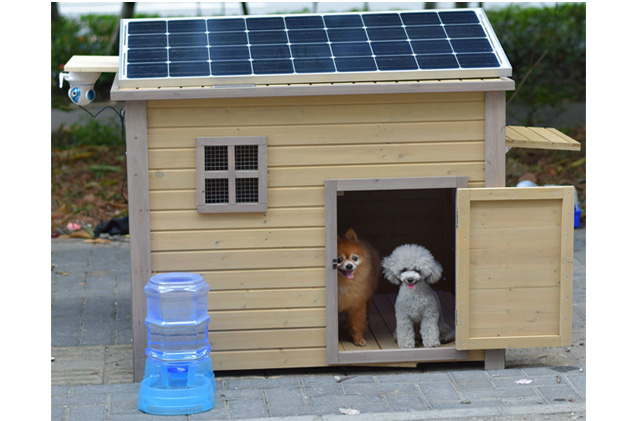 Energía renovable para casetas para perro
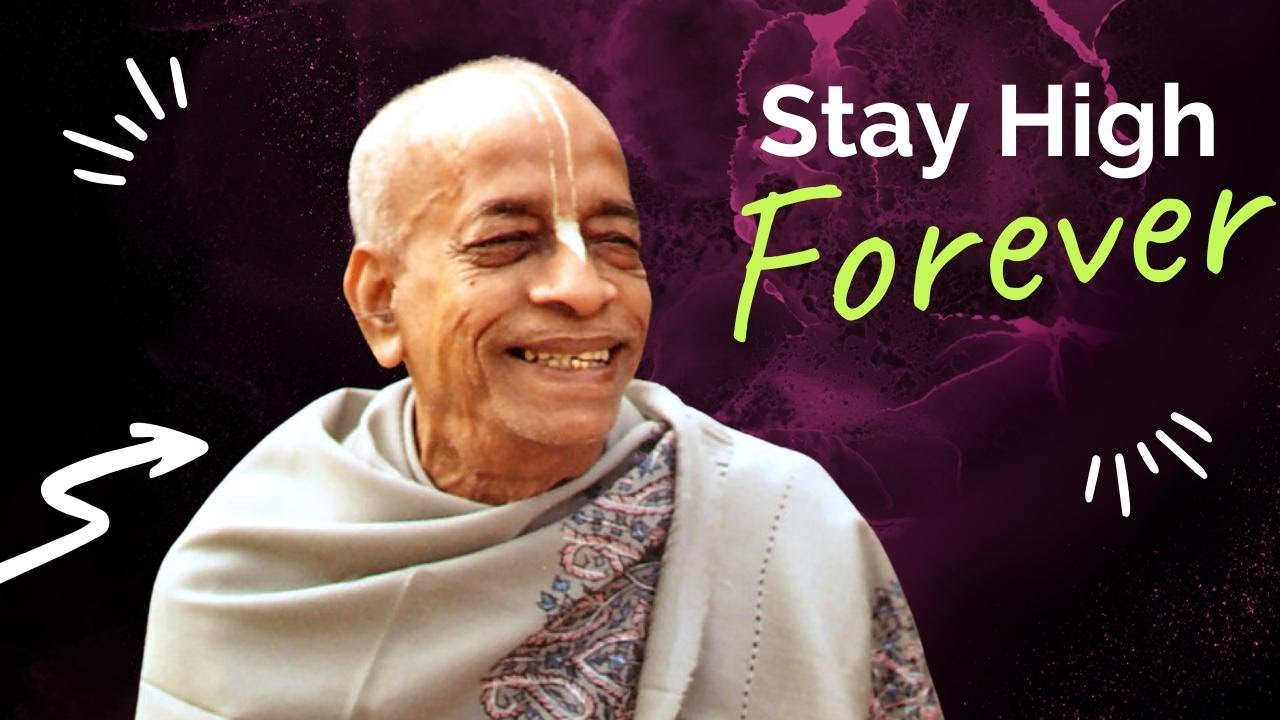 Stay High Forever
----------------------------------------
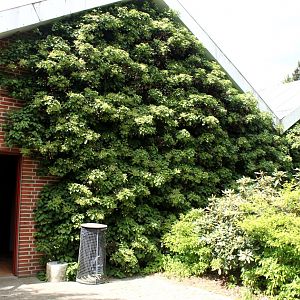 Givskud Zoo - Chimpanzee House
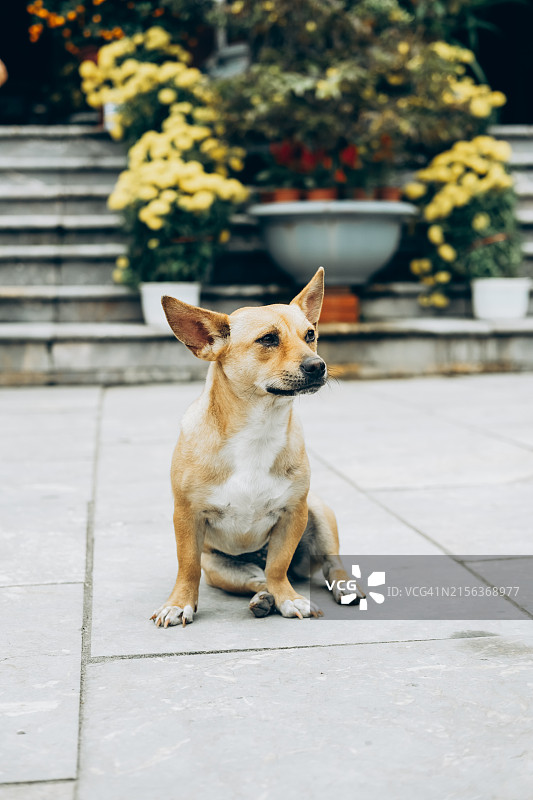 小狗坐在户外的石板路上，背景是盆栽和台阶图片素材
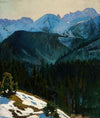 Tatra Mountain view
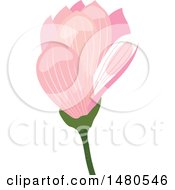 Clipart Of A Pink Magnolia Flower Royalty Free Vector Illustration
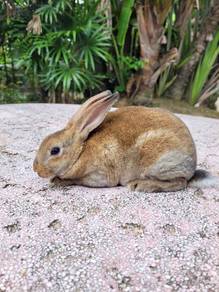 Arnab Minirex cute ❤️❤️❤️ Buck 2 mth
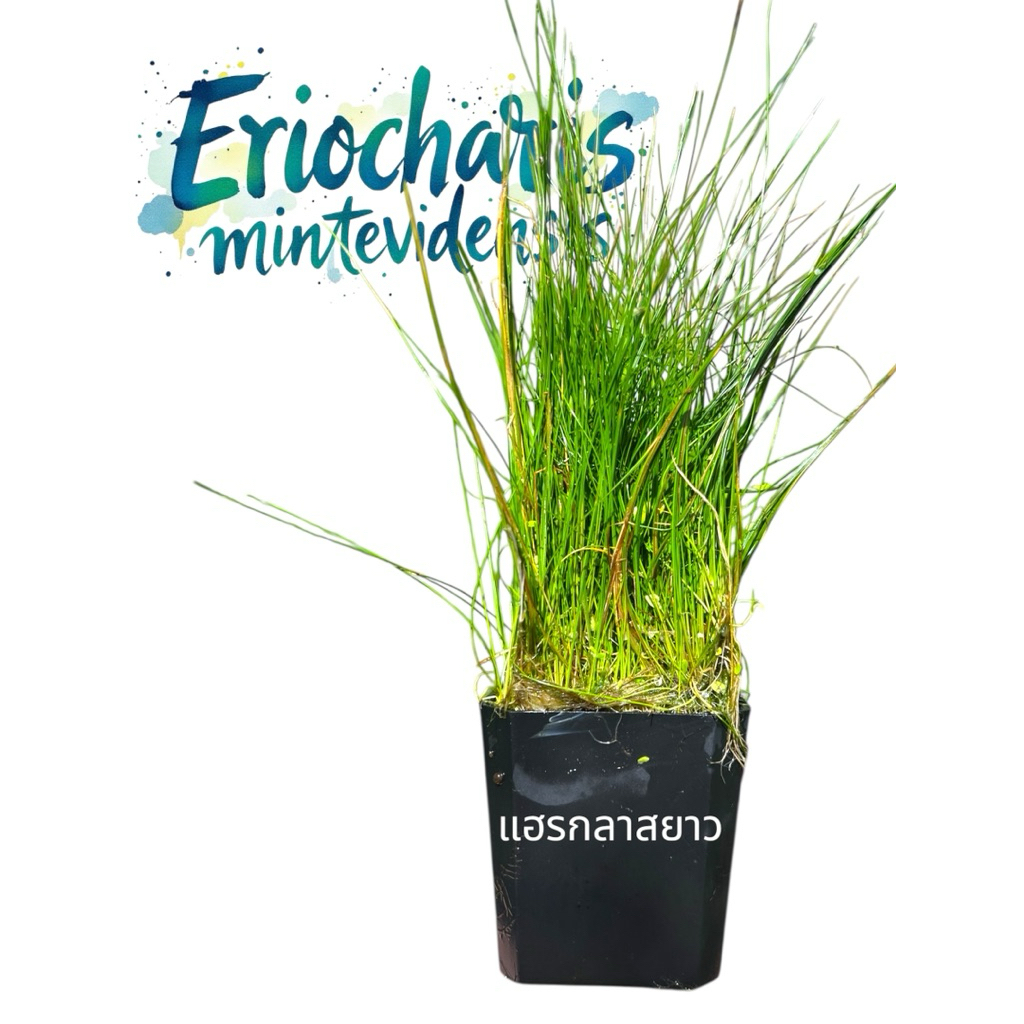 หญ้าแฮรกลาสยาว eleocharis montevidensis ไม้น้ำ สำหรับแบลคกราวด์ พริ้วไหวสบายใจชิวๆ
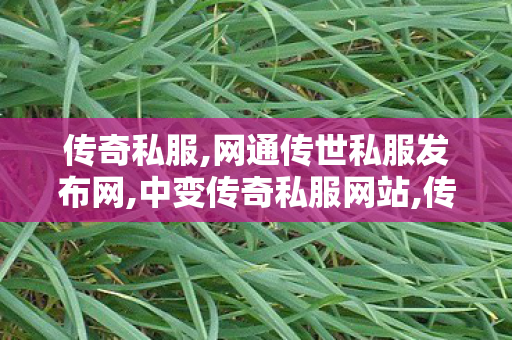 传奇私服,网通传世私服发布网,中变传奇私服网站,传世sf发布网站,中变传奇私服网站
----------------------------------------
:: WHAT IS NEEDED ::
Exercise for the records above: copy only the lines from the one with "Energía renovable para casetas para perro" to the one with "Stay High Forever", both ends kept, and drop the pictures.

:: RESULT BELOW ::
 Energía renovable para casetas para perro
 Stay High Forever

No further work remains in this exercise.